JAKARTA – Tren kesadaran masyarakat terhadap perlindungan kendaraan terus meningkat, seiring bertambahnya risiko di jalan raya. Di tengah banyaknya pilihan, dua jenis asuransi mobil yang paling sering dibandingkan adalah all risk (komprehensif) konvensional dan asuransi berbasis syariah.
Meski kerap dianggap serupa, keduanya memiliki perbedaan mendasar, terutama dari sisi konsep, pengelolaan dana, hingga prinsip perlindungan yang digunakan.
Perbedaan Utama: Sistem vs Jenis Perlindungan
Asuransi all risk merupakan jenis perlindungan yang menanggung hampir seluruh risiko kerusakan kendaraan, mulai dari lecet ringan, penyok, hingga kerusakan berat dan kehilangan.
Sementara itu, asuransi syariah bukan jenis perlindungan, melainkan sistem pengelolaan yang berbasis prinsip Islam.

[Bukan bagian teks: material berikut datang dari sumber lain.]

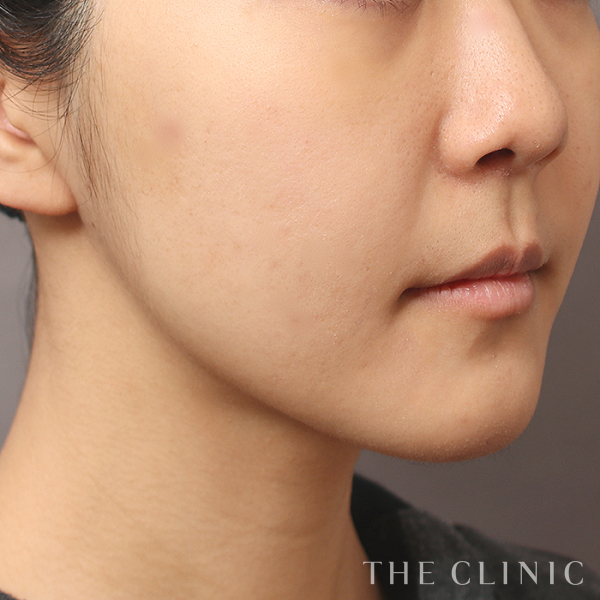 頰／顎のベイザー脂肪吸引（23歳女性）の術後写真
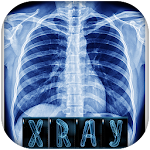 Chest X-ray interpretation Apk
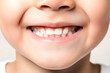 perfect kids smile, happy boy with beautiful white milk toothy smile, child dental care and stomatology, dentistry, generative ai.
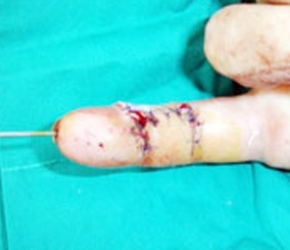 Parmak kopmalarında yapılması gerekenler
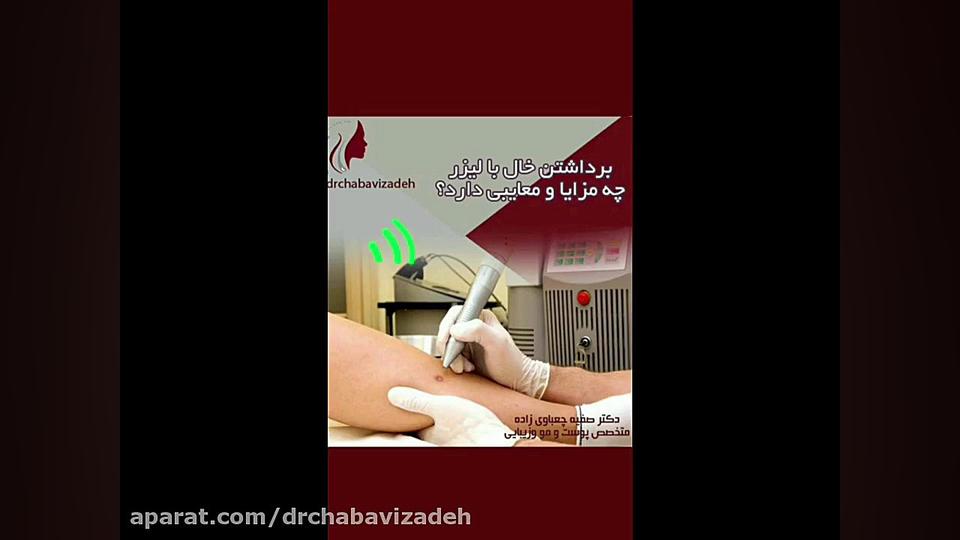 فیلم برداشتن خال با لیزر و مزایای آن دکتر صفیه چعباوی زاده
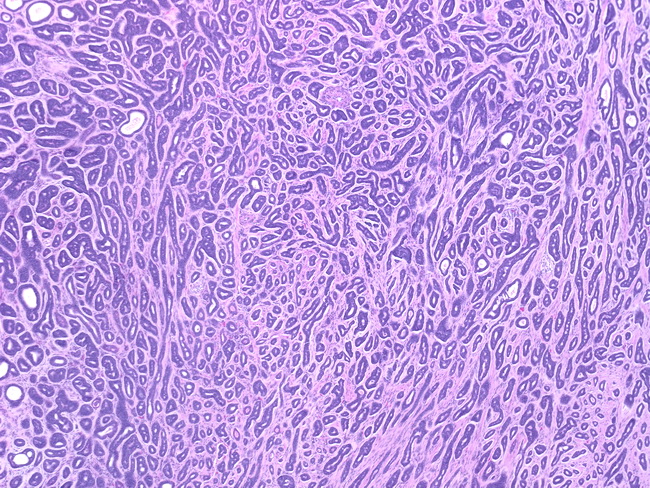 Adenoid cysticus carcinoma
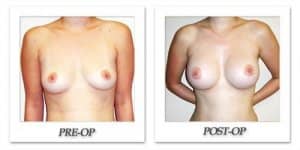 phoca_thumb_l_hodnett-breast-augmentation-047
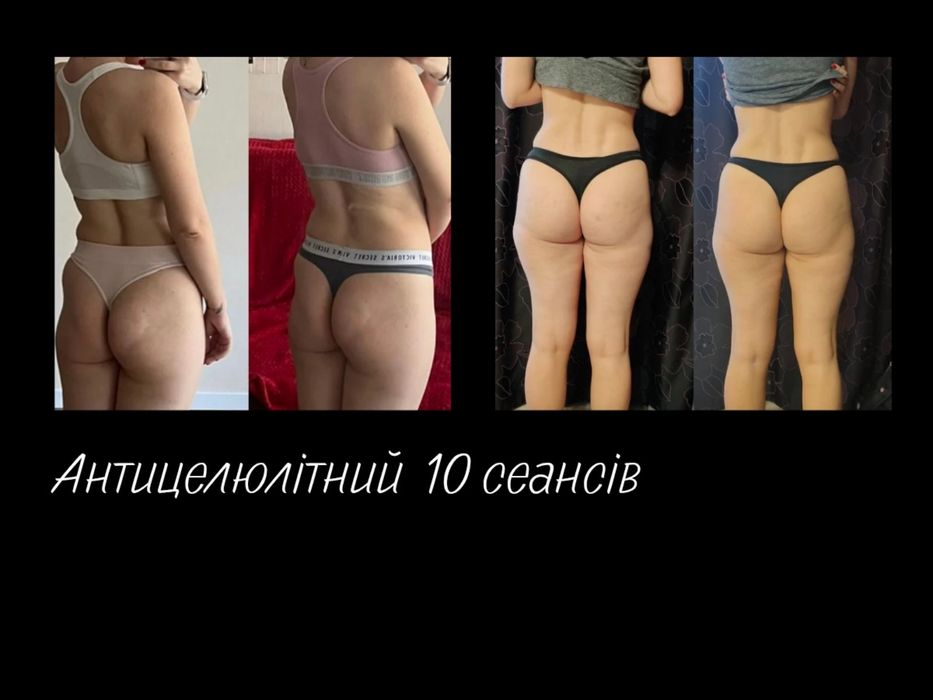 Масаж Київ. Оболонь. Мінська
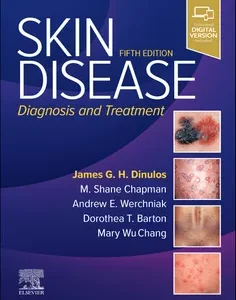 Skin Disease: Diagnosis and Treatment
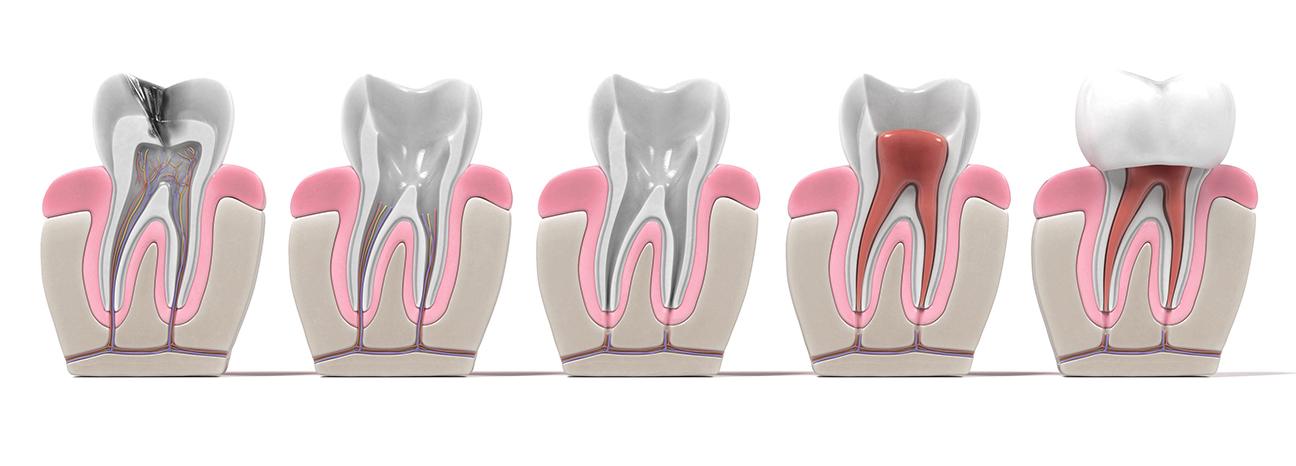 Fontana Light Walker Dental Implants | Redtree Dental | Vancouver General & Family Dentist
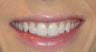 Juvederm XC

Dalam praktiknya, asuransi syariah juga bisa berbentuk all risk maupun Total Loss Only (TLO), tergantung produk yang dipilih.
Dengan demikian, perbedaan utama terletak pada cara pengelolaan risiko dan dana, bukan sekadar cakupan perlindungan.
Prinsip Dasar: Transfer Risiko vs Tolong-Menolong
Pada asuransi konvensional, berlaku konsep transfer risiko, di mana risiko sepenuhnya dialihkan dari nasabah kepada perusahaan asuransi.
Sebaliknya, asuransi syariah menggunakan prinsip ta’awun atau tolong-menolong. Risiko ditanggung bersama oleh para peserta melalui dana kolektif yang disebut dana tabarru’.
Pendekatan ini membuat asuransi syariah lebih menekankan kebersamaan dan keadilan antar peserta.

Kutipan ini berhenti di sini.